All’estremo opposto, invece, nelle nicchie strict (fondamentalismo) e ultra-strict (radicalismo) si ritiene che i valori religiosi, il modello etico e sociale derivato dalla religione debbano essere portati e sostenuti all’interno della società, affinché si realizzi una comunità di santi con principi religiosi. È in questo investimento della religione nel progetto politico e comunitario che alberga il germe del fondamentalismo, che si muove cercando consensi, sostenendo la popolazione non solo dal punto di vista ideologico, ma concretamente, ad esempio cercando di sopperire ad uno stato sociale sempre più in ritirata laddove il liberismo ritiene inefficace e inefficiente la sanità, i trasporti e l’istruzione pubblica.

Al centro, infine, vi sarebbero i sostenitori della laicità tradizionale, così come la intendiamo noi in Italia, ad esempio, cioè come una forma di collaborazione tra religione e politica/cultura senza fratture, sebbene i due piani possano o debbano rimanere più o meno distinti.

Negli Stati Uniti è molto diffuso il fondamentalismo strict tra le varie scissioni del pentecostalismo e tra i mormoni, anche se talvolta si verificano sistematicamente degli spostamenti dalle nicchie strict verso nicchie ultra-strict, perché c’è sempre chi fonda ulteriori movimenti per cercare di essere sempre più aggressivi nell’atteggiamento verso la società civile.
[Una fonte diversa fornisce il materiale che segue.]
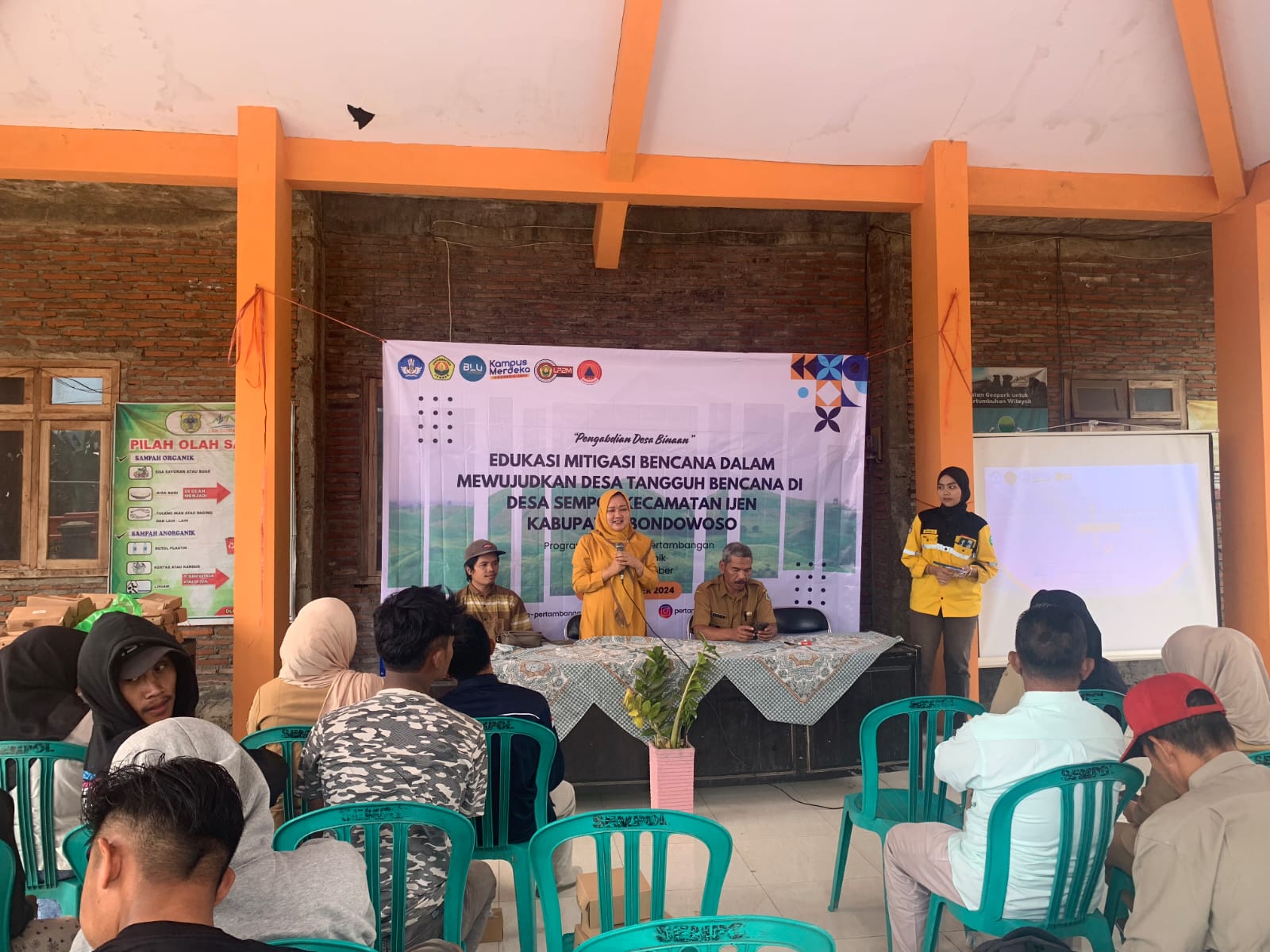Dosen Teknik Pertambangan Unej memberikan edukasi tentang mitigasi bencana di Kecamatan Ijen, Kabupaten Bondowoso.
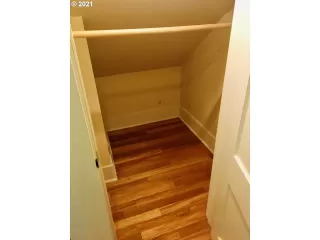 Photo #6: 21217067 Listing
In ambito ebraico è facile scadere in confusione tra fondamentalismi e conservatorismi, infatti movimenti antisionisti come l’Agudat Israel si oppongono dal 1912 alla fondazione di uno Stato in Israele. E si noti bene, l’Agudat Israel è un gruppo di ultra-ortodossi, profondamente religiosi e il fatto che siano antisionisti ha il preciso e unico significato riconducibile al fatto che “sionisti” sono quegli ebrei con un progetto politico ben definito, cioè la costruzione dello Stato di Israele in Palestina. Paradossalmente, nel loro avversare la causa sionista, lasciando che sia Dio a creare il nuovo Israele, non l’uomo, è capitato che i gruppi ultraortodossi, tra cui Neturei Karta International – Ebrei uniti contro il sionismo, abbracciassero anche la causa palestinese (leggi qui il comunicato del movimento sull’appoggio alla sovranità palestinese).

Analogamente, nel mondo islamico, strutturalmente incapace di pensare la separazione laica occidentale tra potere spirituale e potere temporale, finché storicamente non vi è stato alcun problema di identificazione tra soggettività religiosa e soggettività politica, come nell’Impero Ottomano, non si è manifestata alcuna necessità di pensare al fondamentalismo, ma nel momento in cui l’Occidente si è insinuato in Oriente, sia con la sua idea di laicità sia con l’appropriazione indebita di terre, si è presentata la necessità di rivendicare quello spazio politico profondamente religioso, accedendo così a quel registro linguistico e concettuale del fondamentalismo che proprio in Occidente era stato inventato.

È anche a partire da questa complessa rete di rapporti tra religione, geopolitica, economia e rivendicazione di terre che bisogna leggere l’attuale conflitto israelo-palestinese.  

ML (22/10/2023)


[1] E. Pace, P. Stefani, Il fondamentalismo religioso contemporaneo, Queriniana, Brescia 2000; E. Pace, R. Guolo, I fondamentalismi, Laterza, Roma-Bari 1998.

[2] M. Introvigne, Fondamentalismi. I diversi volti dell’intransigenza religiosa, Piemme, Torino 2004.